[SOURCE MATERIAL — start]

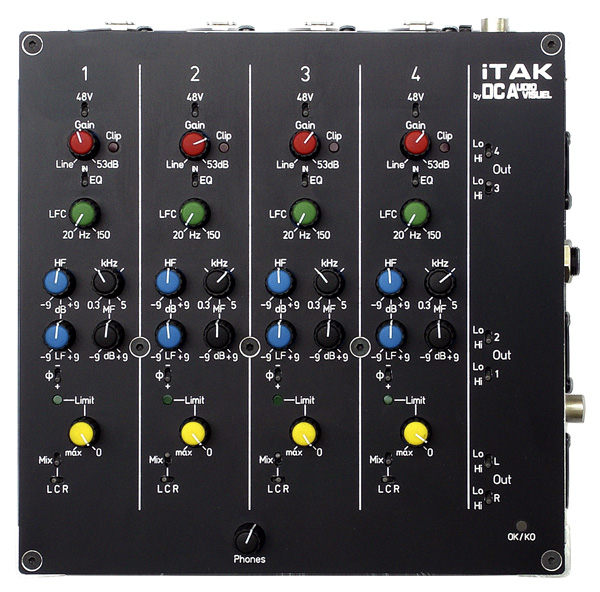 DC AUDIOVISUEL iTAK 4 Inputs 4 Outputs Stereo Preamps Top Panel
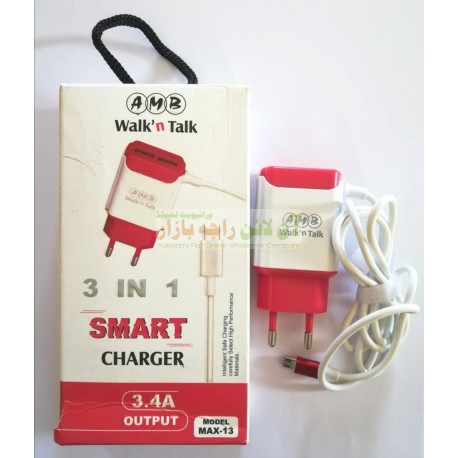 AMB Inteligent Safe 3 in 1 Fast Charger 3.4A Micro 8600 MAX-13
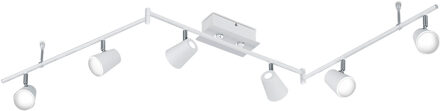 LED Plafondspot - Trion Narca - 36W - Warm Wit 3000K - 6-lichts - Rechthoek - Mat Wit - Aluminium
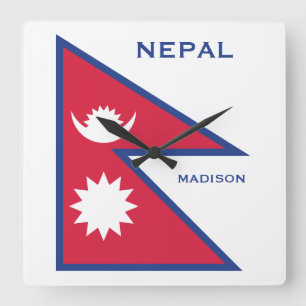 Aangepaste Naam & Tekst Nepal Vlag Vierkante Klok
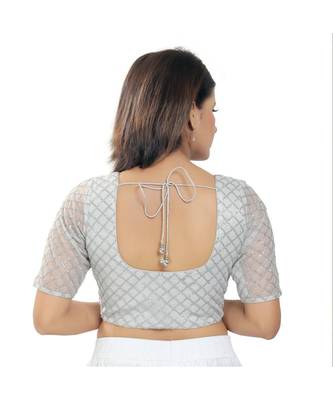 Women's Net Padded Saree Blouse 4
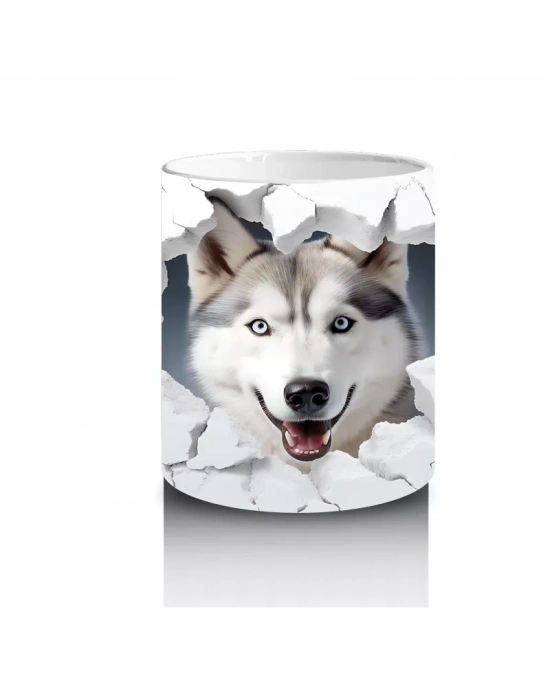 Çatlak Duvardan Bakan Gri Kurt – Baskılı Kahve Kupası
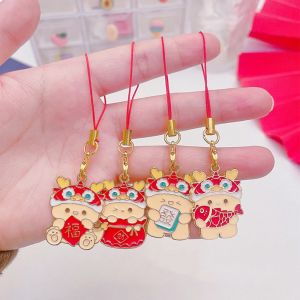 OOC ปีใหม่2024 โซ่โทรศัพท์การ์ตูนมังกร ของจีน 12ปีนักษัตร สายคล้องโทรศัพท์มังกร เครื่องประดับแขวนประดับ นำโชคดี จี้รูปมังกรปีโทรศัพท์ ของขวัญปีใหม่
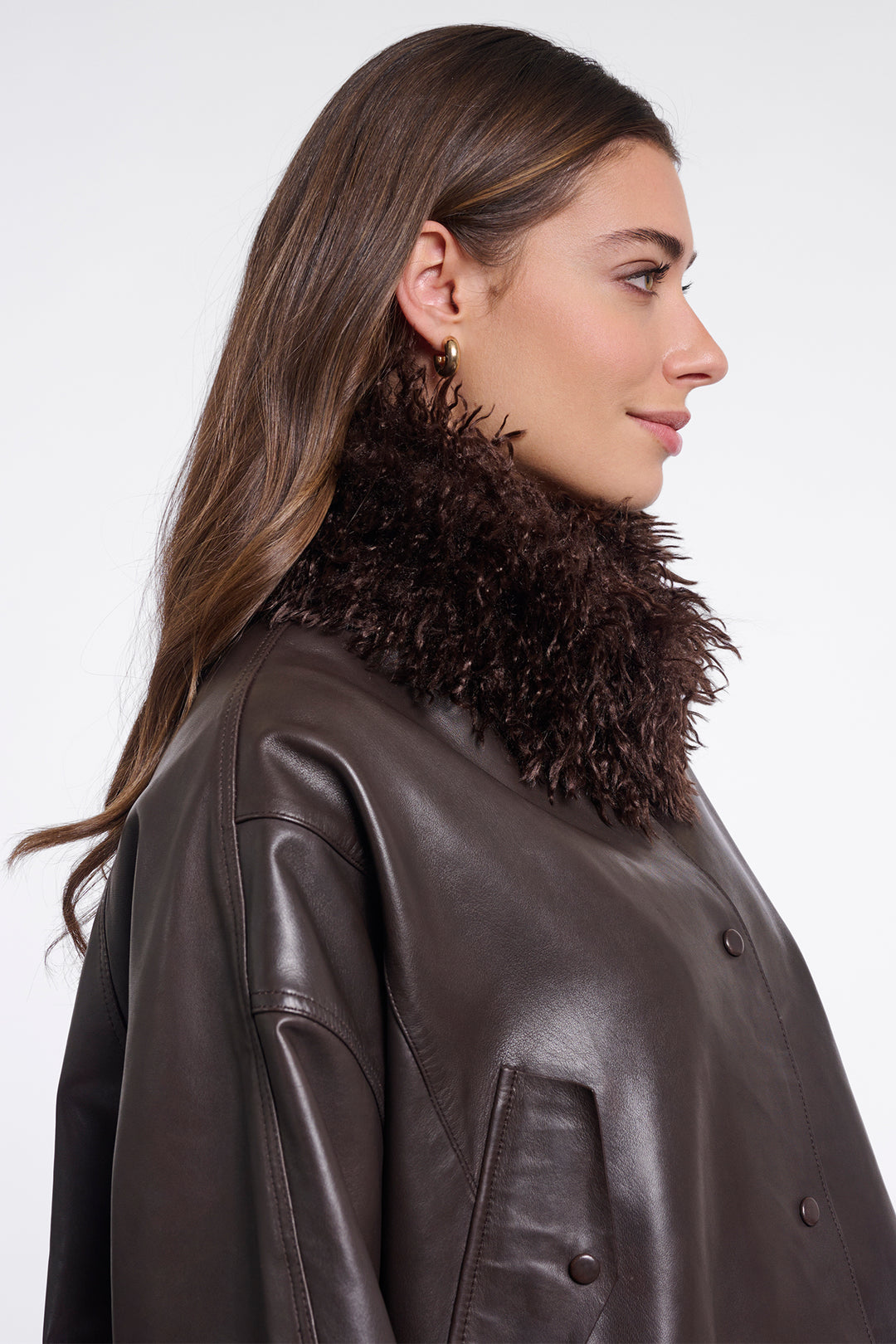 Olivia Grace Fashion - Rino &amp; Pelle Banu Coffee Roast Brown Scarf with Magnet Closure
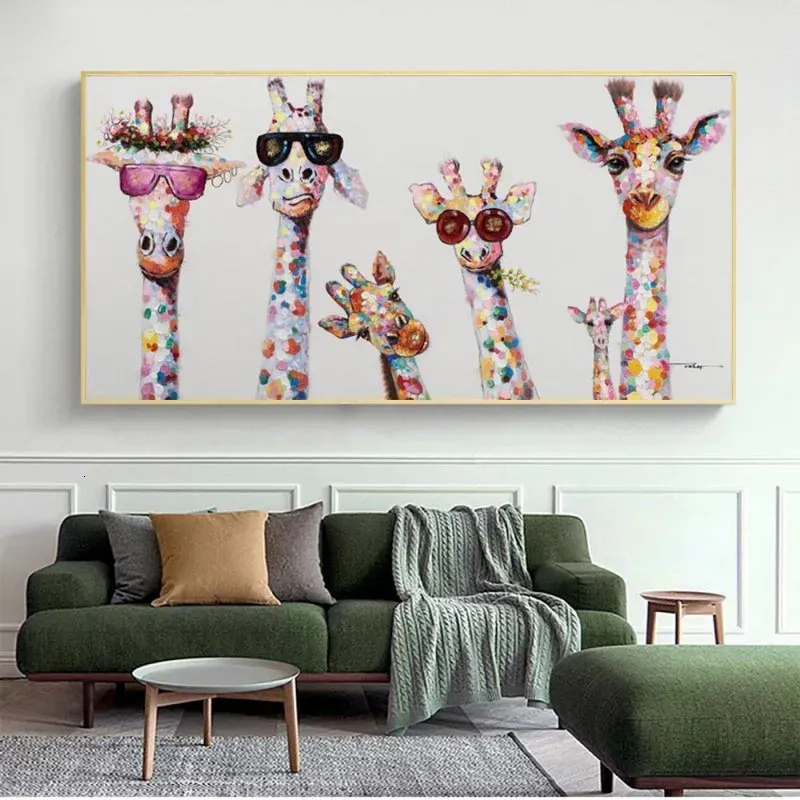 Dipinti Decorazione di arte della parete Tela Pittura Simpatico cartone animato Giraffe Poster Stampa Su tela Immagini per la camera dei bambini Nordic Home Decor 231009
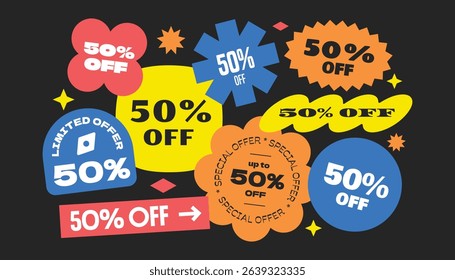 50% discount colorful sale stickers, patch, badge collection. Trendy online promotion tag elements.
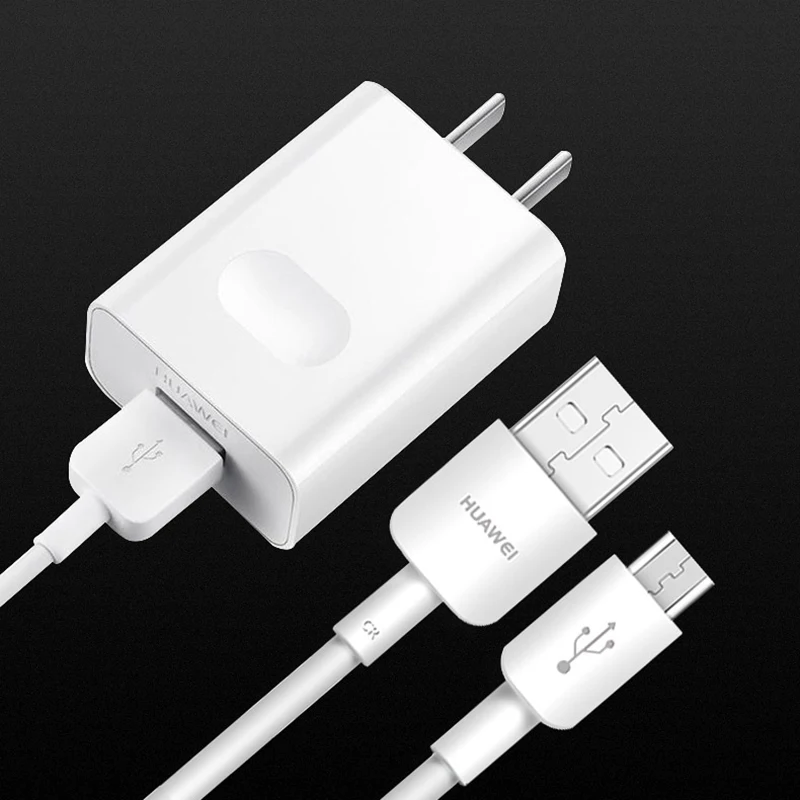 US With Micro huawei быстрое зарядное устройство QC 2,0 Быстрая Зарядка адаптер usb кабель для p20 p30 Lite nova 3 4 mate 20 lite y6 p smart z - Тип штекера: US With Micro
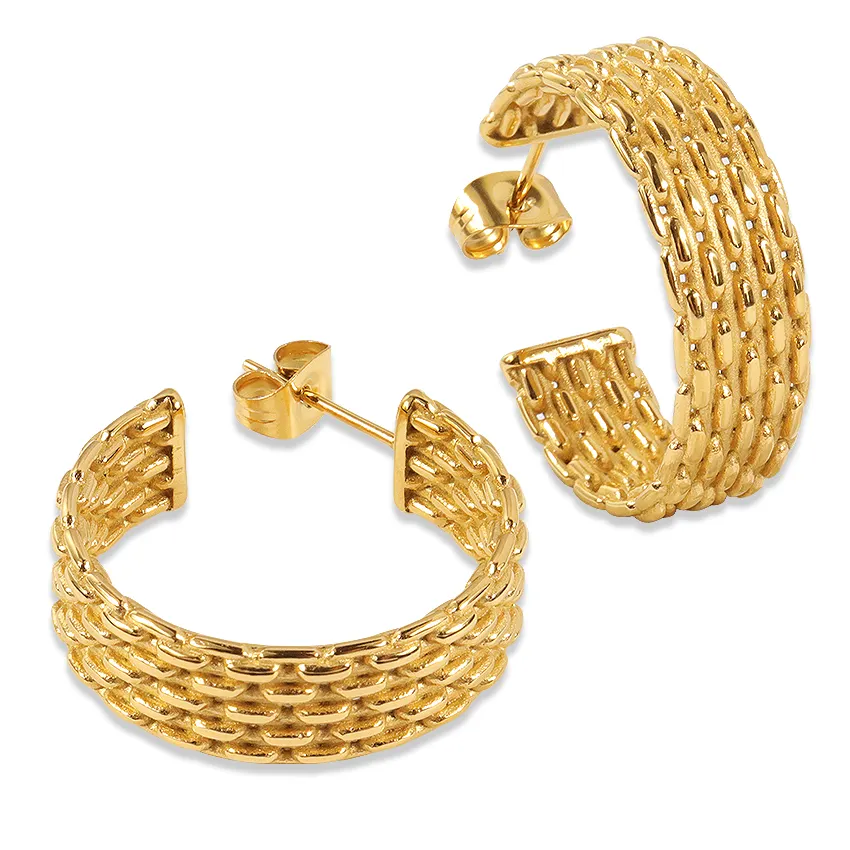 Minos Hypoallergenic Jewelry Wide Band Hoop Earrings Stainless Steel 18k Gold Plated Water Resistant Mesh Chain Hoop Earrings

[SOURCE MATERIAL — finish]

BRIEF
Leaving pictures out, output the lines of the data above from the one with "AMB Inteligent Safe" through the one with "OOC ปีใหม่2024 โซ่โทรศัพท์การ์ตูนมังกร", word for word.

SOLUTION BELOW
 AMB Inteligent Safe 3 in 1 Fast Charger 3.4A Micro 8600 MAX-13
 LED Plafondspot - Trion Narca - 36W - Warm Wit 3000K - 6-lichts - Rechthoek - Mat Wit - Aluminium
 Aangepaste Naam & Tekst Nepal Vlag Vierkante Klok
 Women's Net Padded Saree Blouse 4
 Çatlak Duvardan Bakan Gri Kurt – Baskılı Kahve Kupası
 OOC ปีใหม่2024 โซ่โทรศัพท์การ์ตูนมังกร ของจีน 12ปีนักษัตร สายคล้องโทรศัพท์มังกร เครื่องประดับแขวนประดับ นำโชคดี จี้รูปมังกรปีโทรศัพท์ ของขวัญปีใหม่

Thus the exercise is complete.